Given:
Count in bacteria culture after 20 minutes = 200
Count in bacteria culture after 40 minutes = 1900
Required: Find the initial size, doubling period, population after 60 minutes and time at which the population will reach 11000
Explanation:
The exponential growth can be modeled by
[tex]A=A_0e^{kt}[/tex]
where A0 is the initial size and k is the growth rate.
Plug the condition A(20) = 200.
[tex]\begin{gathered} 200=A_0e^{k\cdot20} \\ =A_0e^{20k} \end{gathered}[/tex]

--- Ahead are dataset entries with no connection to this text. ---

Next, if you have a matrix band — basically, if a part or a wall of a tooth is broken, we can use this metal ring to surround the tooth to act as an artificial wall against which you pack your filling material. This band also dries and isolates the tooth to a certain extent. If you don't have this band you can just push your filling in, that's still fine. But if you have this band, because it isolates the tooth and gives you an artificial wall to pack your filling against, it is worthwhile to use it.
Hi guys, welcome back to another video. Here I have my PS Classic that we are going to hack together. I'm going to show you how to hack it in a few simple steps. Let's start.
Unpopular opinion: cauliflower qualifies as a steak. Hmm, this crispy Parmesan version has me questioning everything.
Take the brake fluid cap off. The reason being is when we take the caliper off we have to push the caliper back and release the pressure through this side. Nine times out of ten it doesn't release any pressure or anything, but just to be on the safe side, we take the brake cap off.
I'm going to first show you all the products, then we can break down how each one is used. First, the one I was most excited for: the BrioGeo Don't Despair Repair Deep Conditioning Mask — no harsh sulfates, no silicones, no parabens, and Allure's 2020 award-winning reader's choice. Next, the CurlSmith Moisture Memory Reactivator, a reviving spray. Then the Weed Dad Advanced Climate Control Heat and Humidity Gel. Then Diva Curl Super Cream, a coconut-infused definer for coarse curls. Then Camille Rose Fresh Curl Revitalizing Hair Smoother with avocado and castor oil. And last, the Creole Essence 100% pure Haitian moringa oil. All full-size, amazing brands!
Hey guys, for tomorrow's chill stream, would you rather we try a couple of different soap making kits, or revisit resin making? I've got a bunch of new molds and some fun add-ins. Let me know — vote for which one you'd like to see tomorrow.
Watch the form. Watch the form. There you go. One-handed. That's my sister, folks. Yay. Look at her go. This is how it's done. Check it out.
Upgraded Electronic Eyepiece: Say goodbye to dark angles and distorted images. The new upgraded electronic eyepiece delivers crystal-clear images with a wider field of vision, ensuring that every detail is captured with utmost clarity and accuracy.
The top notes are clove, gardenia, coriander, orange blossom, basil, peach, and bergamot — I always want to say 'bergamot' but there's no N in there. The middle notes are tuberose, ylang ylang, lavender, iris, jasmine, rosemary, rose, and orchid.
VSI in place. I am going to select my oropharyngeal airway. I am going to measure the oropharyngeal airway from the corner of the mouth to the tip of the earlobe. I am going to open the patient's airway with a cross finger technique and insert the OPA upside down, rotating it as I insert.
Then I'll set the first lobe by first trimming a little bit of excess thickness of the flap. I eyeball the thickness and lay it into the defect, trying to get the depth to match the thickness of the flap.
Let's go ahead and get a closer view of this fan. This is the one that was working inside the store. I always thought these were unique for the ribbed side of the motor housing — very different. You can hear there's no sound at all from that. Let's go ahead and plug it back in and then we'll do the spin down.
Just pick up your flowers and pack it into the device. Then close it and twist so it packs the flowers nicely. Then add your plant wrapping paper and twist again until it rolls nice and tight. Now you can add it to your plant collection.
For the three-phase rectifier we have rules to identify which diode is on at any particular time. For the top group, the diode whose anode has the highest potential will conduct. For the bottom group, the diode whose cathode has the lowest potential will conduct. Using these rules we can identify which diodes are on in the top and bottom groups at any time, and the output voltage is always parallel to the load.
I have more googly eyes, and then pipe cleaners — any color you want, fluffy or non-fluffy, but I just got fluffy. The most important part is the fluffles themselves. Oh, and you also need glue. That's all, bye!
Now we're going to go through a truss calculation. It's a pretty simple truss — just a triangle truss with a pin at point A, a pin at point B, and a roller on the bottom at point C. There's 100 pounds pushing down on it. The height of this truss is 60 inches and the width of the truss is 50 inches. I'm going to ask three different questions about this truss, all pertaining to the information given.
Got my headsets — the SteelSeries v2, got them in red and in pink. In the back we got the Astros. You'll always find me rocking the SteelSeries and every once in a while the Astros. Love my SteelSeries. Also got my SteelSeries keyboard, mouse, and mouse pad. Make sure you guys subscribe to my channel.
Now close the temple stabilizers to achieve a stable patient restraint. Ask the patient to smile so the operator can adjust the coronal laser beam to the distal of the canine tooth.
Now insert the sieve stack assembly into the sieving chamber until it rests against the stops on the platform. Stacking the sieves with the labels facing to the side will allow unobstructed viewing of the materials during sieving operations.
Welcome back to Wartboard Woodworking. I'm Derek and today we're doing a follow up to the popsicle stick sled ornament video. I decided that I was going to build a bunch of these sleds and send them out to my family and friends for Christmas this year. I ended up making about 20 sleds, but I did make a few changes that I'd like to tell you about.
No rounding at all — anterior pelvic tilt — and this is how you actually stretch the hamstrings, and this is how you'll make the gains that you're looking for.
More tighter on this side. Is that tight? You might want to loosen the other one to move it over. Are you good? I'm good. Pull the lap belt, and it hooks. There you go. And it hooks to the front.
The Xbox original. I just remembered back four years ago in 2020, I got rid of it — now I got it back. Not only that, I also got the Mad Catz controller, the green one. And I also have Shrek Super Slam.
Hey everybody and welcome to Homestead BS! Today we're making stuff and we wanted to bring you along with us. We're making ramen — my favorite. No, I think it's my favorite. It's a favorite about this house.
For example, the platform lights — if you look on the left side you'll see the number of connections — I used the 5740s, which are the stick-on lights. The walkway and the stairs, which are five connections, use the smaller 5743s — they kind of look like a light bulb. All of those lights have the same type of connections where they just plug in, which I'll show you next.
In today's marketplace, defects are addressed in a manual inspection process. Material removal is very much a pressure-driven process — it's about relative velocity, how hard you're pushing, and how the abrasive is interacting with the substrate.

Plug the condition A(40) = 1900.
[tex]\begin{gathered} 1900=A_0e^{k\cdot40} \\ =A_0e^{40k} \end{gathered}[/tex]
Divide both of them.
[tex]\begin{gathered} \frac{1900}{200}=\frac{A_0e^{40k}}{A_0e^{20k}}=e^{20k} \\ 20k=\ln(9.5) \\ k=\frac{\ln(9.5)}{20} \end{gathered}[/tex]
Thus,
[tex]A=A_0e^{\frac{\ln(9.5)}{20}t}[/tex]
Substitute A(20) = 200 to find the initial count.
[tex]\begin{gathered} 200=A_0e^{\frac{\ln(9.5)}{20}\cdot20} \\ =9.5A_0 \\ A_0=\frac{200}{9.5}\approx21 \end{gathered}[/tex]
Thus,
[tex]A=21e^{\frac{\ln(9.5)}{20}t}[/tex]
To find the doubling, find t at which A(t) = 42.
[tex]\begin{gathered} 42=21e^{\frac{ln(9.5)}{20}t} \\ 2=e^{\frac{ln(9.5)}{20}t} \\ \frac{\ln(9.5)}{20}t=\ln(2) \\ t=\frac{\ln(2)\cdot20}{\ln(9.5)} \\ =6.158 \end{gathered}[/tex]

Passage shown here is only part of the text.